One hundred ninety-three patients were included, and 69.4% were women. In the 12-month period, the mean number of HAE attacks was 7.6. Among the 568 reported attacks, localizations were the abdomen (57.1%), peripheral limbs (42.5%), upper airway (7.9%), and face (6.9%); 31.6% of attacks were severe and occurred statistically more often in women (P < .02). Compared with a population of allergic patients, all age- and sex-adjusted scores were significantly lower in patients with HAE (P < .05) except for the physical component summary. Health-related quality of life negatively correlated with the annual number of attacks and was markedly altered for patients having more than 5 attacks per year (P < .05 for all dimensions).
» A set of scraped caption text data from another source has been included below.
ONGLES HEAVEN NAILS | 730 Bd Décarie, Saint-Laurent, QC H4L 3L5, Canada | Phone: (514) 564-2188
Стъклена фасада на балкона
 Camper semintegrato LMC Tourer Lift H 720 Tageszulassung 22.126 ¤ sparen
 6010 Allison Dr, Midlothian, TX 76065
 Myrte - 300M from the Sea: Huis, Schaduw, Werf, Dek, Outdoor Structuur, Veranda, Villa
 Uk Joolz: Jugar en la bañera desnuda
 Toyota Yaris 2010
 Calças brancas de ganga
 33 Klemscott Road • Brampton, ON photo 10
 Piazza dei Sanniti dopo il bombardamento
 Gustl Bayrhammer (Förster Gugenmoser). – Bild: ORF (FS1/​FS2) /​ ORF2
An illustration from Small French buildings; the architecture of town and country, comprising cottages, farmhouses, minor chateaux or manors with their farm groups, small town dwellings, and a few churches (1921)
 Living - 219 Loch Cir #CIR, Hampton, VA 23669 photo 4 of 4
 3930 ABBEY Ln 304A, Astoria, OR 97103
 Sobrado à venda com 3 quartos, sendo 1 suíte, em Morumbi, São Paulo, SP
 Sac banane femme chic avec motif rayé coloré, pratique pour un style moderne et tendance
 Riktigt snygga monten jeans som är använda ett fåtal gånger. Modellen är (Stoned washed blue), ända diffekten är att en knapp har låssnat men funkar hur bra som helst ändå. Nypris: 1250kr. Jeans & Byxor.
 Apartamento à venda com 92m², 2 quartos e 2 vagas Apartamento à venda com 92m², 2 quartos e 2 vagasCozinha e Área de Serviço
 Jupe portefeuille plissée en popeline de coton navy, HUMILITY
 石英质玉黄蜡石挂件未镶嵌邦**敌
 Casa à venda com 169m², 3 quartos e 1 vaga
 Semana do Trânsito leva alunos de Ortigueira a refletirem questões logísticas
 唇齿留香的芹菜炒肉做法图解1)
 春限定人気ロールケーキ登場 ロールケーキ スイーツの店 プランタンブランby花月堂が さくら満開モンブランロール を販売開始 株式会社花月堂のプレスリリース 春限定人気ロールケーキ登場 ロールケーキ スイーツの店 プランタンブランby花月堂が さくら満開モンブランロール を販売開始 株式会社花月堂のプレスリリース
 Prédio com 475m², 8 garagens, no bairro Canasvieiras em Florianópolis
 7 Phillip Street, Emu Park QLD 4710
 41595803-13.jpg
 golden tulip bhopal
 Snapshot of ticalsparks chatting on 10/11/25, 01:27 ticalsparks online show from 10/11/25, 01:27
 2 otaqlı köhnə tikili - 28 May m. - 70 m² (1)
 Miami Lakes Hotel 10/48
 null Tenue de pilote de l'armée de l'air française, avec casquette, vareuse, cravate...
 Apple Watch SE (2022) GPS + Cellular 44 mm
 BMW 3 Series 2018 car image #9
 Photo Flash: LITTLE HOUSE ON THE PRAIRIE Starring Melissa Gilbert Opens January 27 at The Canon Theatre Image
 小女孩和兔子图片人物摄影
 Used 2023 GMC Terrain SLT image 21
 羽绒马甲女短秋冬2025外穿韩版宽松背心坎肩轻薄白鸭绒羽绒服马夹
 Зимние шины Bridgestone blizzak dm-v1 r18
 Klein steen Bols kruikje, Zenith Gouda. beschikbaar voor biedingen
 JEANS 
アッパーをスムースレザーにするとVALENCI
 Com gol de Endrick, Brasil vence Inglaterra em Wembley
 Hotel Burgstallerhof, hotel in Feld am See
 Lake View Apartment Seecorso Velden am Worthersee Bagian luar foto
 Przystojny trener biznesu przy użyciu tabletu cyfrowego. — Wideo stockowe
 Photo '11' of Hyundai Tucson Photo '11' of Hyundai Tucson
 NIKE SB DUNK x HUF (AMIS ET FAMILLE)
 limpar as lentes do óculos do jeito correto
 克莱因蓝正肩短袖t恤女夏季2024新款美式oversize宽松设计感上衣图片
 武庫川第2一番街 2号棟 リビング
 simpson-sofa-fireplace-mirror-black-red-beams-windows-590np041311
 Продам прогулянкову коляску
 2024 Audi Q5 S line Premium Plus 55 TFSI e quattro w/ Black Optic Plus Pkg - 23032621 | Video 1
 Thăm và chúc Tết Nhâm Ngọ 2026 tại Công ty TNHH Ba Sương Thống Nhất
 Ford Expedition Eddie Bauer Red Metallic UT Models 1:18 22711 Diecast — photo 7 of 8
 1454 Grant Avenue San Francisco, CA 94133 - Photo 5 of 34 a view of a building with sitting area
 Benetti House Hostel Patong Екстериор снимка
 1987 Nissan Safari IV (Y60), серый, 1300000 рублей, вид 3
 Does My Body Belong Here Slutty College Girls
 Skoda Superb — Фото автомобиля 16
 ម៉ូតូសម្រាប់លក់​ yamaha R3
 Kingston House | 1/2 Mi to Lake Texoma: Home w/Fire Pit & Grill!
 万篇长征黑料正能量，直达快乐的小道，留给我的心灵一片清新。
HAE is a severe disease that places a heavy burden on quality of life.
遗传性血管性水肿(HAE)是一种罕见且可能危及生命的疾病。目前已有新的特效治疗方法。
明确患者的特征和最佳治疗选择。
一项为期 1 年的多中心回顾性研究。主要目的是研究 HAE 的临床表现。次要目的包括患者特征、12 个月内 HAE 的管理以及使用 SF-36v2 问卷评估健康相关生活质量。
共纳入 193 例患者,其中 69.4%为女性。在 12 个月期间,HAE 发作的平均次数为 7.6 次。在报告的 568 次发作中,定位为腹部(57.1%)、外周肢体(42.5%)、上呼吸道(7.9%)和面部(6.9%);31.6%的发作严重,女性中发生率更高(P <.02)。与过敏患者人群相比,HAE 患者的所有年龄和性别调整评分均明显较低(P <.05),除生理成分综合评分外。健康相关生活质量与每年发作次数呈负相关,每年发作次数超过 5 次的患者健康相关生活质量明显改变(所有维度 P <.05)。
HAE 是一种严重的疾病,严重影响生活质量。